Dataset content

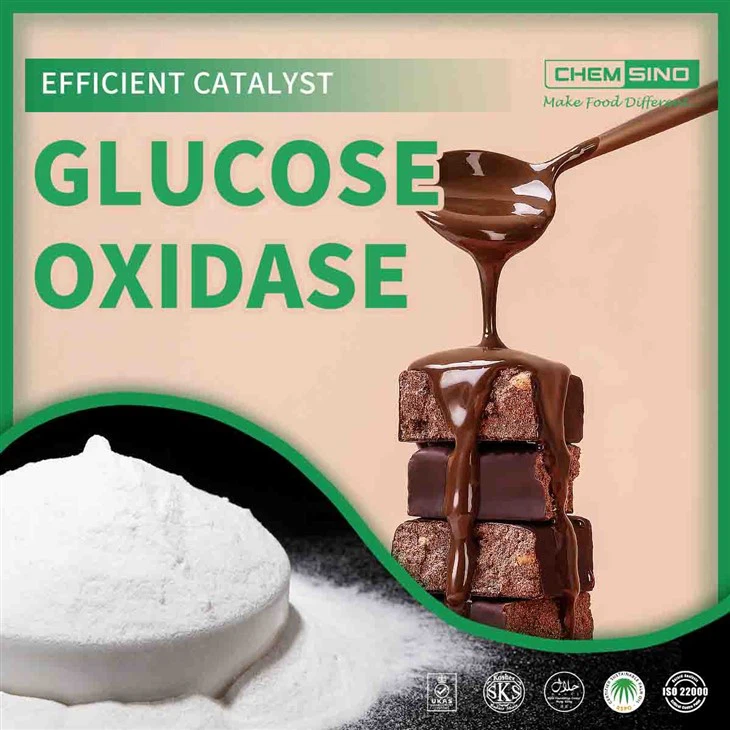 Diversas aplicaciones de la glucosa oxidasa (Dios)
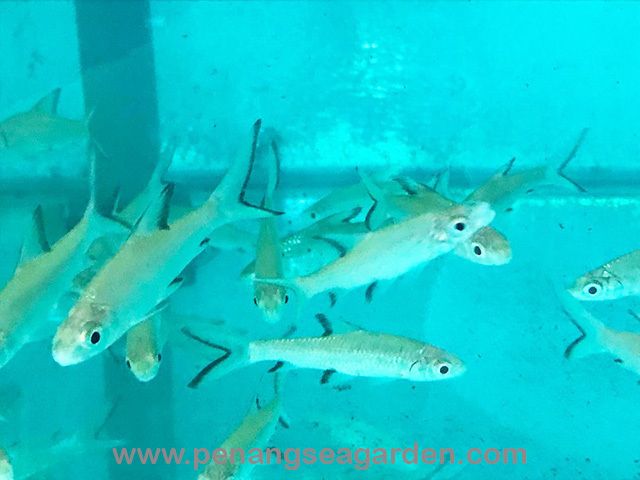Silver Shark 银鲨 3inc RM3.20-1w.jpg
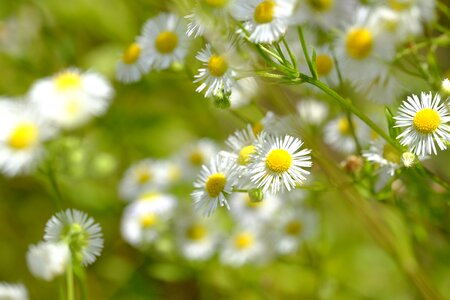 Genuine chamomile composites asteraceae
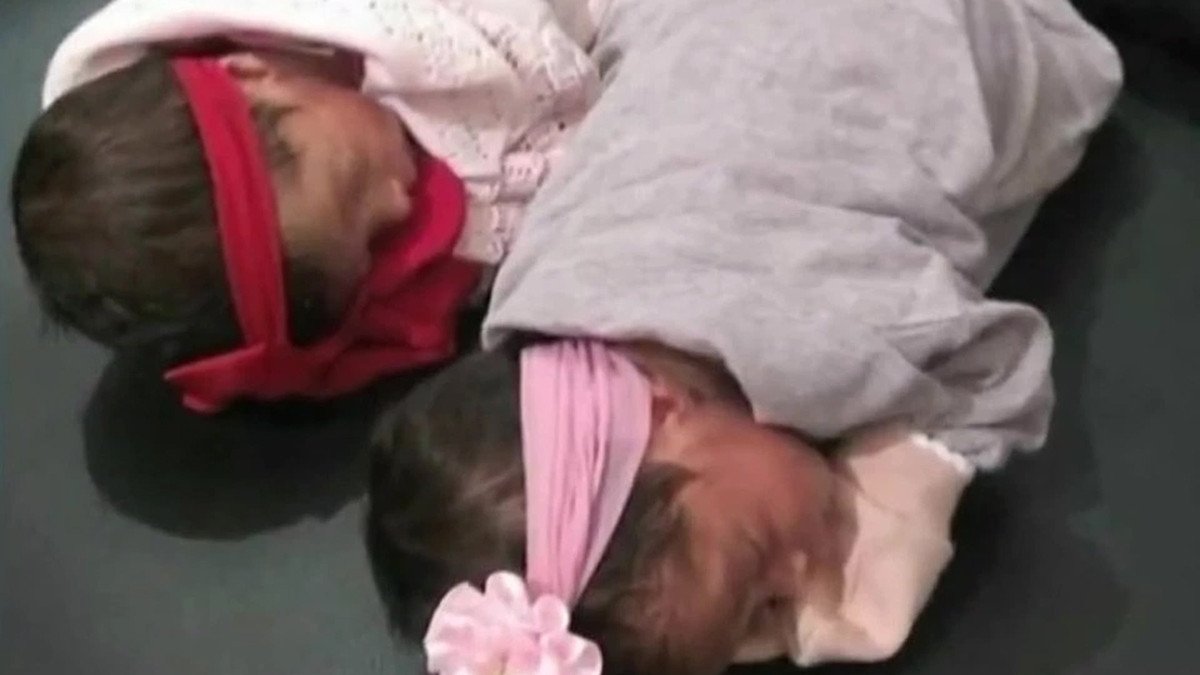 بسبب الغيرة ..  كلب يقتل طفلتي مربيته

Aim of the exercise
Omit the pictures and write out the lines above from the one with "Silver Shark 银鲨 3inc RM3.20-1w.jpg" through the last, unchanged.

Finished task
Silver Shark 银鲨 3inc RM3.20-1w.jpg
 Genuine chamomile composites asteraceae
 بسبب الغيرة ..  كلب يقتل طفلتي مربيته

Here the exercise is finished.